Lessons from Project Recoveries

Table of contents:

To really understand what is important for controlling a project, let's review what occurs during a typical project recovery. For clarification, a project recovery is an attempt to turn around a troubled project. If there is ever a case where project control is absolutely critical, it is when you are trying to heal a sick project.

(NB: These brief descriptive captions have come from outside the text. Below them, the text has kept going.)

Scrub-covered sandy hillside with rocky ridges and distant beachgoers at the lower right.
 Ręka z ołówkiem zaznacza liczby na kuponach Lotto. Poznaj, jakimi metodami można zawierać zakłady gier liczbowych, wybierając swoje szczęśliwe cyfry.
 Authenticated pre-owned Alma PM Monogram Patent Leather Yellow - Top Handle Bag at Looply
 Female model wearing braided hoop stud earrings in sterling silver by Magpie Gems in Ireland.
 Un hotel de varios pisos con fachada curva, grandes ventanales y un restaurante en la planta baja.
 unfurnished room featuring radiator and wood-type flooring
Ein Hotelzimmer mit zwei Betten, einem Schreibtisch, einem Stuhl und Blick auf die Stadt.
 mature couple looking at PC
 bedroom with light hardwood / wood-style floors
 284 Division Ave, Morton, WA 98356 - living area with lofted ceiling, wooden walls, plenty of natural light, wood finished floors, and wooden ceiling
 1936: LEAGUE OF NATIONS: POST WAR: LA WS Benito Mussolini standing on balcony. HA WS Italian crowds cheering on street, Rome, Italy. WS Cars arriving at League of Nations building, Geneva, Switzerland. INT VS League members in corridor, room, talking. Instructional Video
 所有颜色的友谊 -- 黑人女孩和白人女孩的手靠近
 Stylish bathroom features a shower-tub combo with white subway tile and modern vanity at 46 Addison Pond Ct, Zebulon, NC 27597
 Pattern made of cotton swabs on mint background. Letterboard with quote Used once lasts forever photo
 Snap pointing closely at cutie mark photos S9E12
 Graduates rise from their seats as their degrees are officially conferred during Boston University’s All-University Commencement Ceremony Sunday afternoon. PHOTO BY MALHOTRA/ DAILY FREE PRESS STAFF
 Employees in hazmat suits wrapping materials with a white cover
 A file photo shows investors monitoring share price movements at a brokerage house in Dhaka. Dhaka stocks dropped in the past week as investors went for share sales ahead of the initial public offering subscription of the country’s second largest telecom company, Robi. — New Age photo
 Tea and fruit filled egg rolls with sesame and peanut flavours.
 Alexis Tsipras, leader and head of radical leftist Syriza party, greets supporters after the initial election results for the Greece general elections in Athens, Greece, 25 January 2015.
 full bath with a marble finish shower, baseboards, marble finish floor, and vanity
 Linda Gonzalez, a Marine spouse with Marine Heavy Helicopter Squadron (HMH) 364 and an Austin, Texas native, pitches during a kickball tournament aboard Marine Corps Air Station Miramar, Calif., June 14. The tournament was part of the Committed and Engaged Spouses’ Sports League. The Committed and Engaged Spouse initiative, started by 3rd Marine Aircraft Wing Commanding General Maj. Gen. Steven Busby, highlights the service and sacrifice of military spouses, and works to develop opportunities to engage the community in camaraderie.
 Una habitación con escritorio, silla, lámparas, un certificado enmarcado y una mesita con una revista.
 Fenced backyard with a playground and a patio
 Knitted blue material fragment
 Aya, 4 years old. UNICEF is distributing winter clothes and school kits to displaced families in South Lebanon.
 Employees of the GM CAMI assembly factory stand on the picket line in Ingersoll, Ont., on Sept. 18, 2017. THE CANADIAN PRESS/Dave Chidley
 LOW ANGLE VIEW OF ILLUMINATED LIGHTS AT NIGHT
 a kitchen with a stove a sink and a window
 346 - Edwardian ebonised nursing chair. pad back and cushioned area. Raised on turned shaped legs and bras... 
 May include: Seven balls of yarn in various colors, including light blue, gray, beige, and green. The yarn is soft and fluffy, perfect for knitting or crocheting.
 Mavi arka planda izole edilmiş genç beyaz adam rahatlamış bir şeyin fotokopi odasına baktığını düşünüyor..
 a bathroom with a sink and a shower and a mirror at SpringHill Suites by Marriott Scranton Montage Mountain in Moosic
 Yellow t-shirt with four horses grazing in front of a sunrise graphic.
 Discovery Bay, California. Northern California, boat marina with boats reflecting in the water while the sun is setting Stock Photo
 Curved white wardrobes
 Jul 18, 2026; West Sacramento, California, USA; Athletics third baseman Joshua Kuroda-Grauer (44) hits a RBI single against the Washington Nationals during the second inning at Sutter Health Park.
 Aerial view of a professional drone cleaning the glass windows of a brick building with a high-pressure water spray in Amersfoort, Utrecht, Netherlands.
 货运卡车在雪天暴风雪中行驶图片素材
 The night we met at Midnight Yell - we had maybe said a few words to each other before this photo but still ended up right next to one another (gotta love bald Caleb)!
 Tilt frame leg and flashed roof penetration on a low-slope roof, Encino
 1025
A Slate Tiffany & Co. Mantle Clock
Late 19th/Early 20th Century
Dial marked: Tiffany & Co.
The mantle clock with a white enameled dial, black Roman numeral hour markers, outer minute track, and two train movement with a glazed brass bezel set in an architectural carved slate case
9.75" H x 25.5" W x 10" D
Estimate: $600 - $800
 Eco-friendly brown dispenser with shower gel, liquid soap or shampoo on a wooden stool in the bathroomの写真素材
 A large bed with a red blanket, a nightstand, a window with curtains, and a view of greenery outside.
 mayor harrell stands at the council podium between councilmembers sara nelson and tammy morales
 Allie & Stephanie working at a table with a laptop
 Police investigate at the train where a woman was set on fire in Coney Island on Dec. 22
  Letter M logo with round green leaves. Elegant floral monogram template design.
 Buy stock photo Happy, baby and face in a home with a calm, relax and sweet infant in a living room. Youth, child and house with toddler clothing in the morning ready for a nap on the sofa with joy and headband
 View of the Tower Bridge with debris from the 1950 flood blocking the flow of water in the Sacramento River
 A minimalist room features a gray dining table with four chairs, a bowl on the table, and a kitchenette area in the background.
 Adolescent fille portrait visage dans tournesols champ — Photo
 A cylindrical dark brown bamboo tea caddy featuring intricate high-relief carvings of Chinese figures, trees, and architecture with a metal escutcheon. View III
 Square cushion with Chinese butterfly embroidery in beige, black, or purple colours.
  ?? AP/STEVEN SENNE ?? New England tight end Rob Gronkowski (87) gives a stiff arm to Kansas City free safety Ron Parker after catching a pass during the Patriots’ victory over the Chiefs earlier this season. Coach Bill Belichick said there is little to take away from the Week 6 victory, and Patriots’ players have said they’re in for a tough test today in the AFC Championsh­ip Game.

The first thing that senior management will do to recover a project is to make sure there is an effective project manager in charge. This may mean anything from validating the current project manager, bringing in someone new, pulling someone up from the project team, or providing a mentor to the current project leadership. After the project leadership is solidified, most recovery missions will involve the following activities:

  • Review planning principles The planning principles are revisited. A focus is placed on establishing priorities and objectives, clarifying acceptance criteria, gaining consensus, and reviewing roles and responsibilities.
  • Reset baseline As a final step in the re-planning step, key milestones are set and new baselines are set for cost and schedule performance.
  • Frequent status checks To facilitate better communications, prevent additional obstacles, reinforce the visibility of the recovery mission, and emphasize individual accountability, team status meetings are conducted daily. In some situations, these checkpoints are even more frequent. It depends on the nature of the project.
  • Aggressive issue resolution One purpose of the frequent status checks is to gain visibility of any new or potential issue. The resolution of any new issue is aggressively pursued. These become top priorities for project leadership.
  • Ensure clarity Another technique normally employed in successful project recoveries is an extra effort to ensure clear understanding of all communications, expectations, and work assignments. When focus and efficiency is of paramount importance, the criticality of clear communications and mutual understanding is obvious.
  • Increase visibility and accountability This has been referenced indirectly already, but it is worth emphasizing again. A major reason that project recoveries often work is because people know they are more accountable for their efforts due to the increased visibility with senior management. For both the individual and the organization, the recovery mission helps to prioritize efforts and align resource allocations.

The Absolute Minimum

At this point, you should have a solid understanding of the following:

  • The principles of project control are prevention, detection, and action.
  • Project control consists of the information systems and the management procedures that allow us to answer the key questions regarding project performance.
  • Key components of project control include performance reporting, change control management, configuration management, issue management, risk management, quality management, procurement management, and requirements management.
  • The key management fundamentals of project control include focus on priorities, scale to project needs and organizational culture, set up natural control processes, expect project changes, be consistent, and pay particular attention to early project performance.
  • Powerful project control techniques include using small work packages, managing to project baselines, conducting regular and effective status meetings, establishing clear completion criteria for each deliverable (and the project), conducting proper reviews, tracking requirements, and getting formal signoffs.
  • Performance reporting should communicate status in regard to critical success factors, any variances, and any changes to the performance forecast.
  • The possible responses to an identified variance include taking corrective action, accepting it, resetting the performance baselines, and canceling the project.
  • Earned Value Management (EVM) is the best project control technique for early detection of project performance variances.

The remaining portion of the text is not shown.